## DATA PROVIDED

________

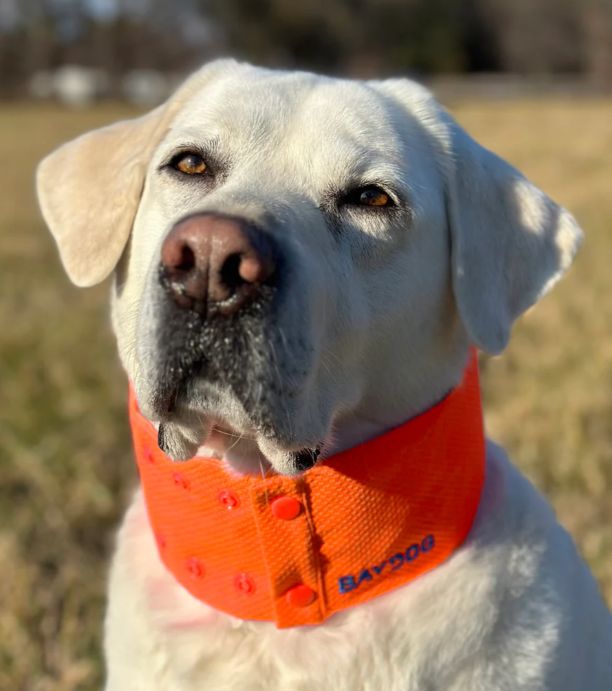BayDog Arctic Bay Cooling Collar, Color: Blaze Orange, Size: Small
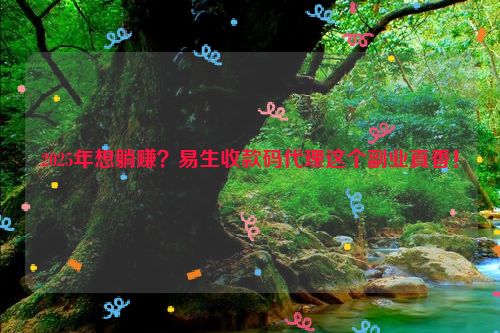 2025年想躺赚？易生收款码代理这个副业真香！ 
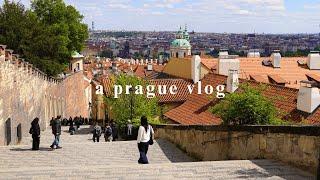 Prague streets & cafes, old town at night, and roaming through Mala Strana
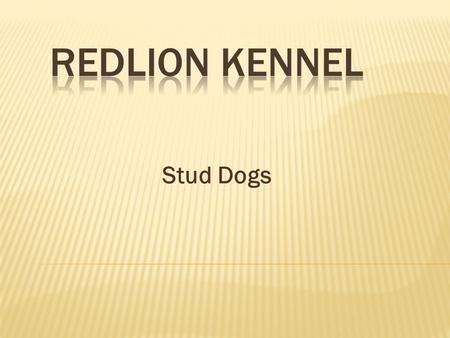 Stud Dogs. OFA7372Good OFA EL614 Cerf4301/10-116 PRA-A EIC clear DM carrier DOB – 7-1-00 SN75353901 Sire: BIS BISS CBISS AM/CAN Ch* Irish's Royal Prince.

________

## WORK TO BE COMPLETED
The listing above needs to be output again exactly. Don't include the pictures.

## SOLUTION
BayDog Arctic Bay Cooling Collar, Color: Blaze Orange, Size: Small
 2025年想躺赚？易生收款码代理这个副业真香！ 
 Prague streets & cafes, old town at night, and roaming through Mala Strana
 Stud Dogs. OFA7372Good OFA EL614 Cerf4301/10-116 PRA-A EIC clear DM carrier DOB – 7-1-00 SN75353901 Sire: BIS BISS CBISS AM/CAN Ch* Irish's Royal Prince.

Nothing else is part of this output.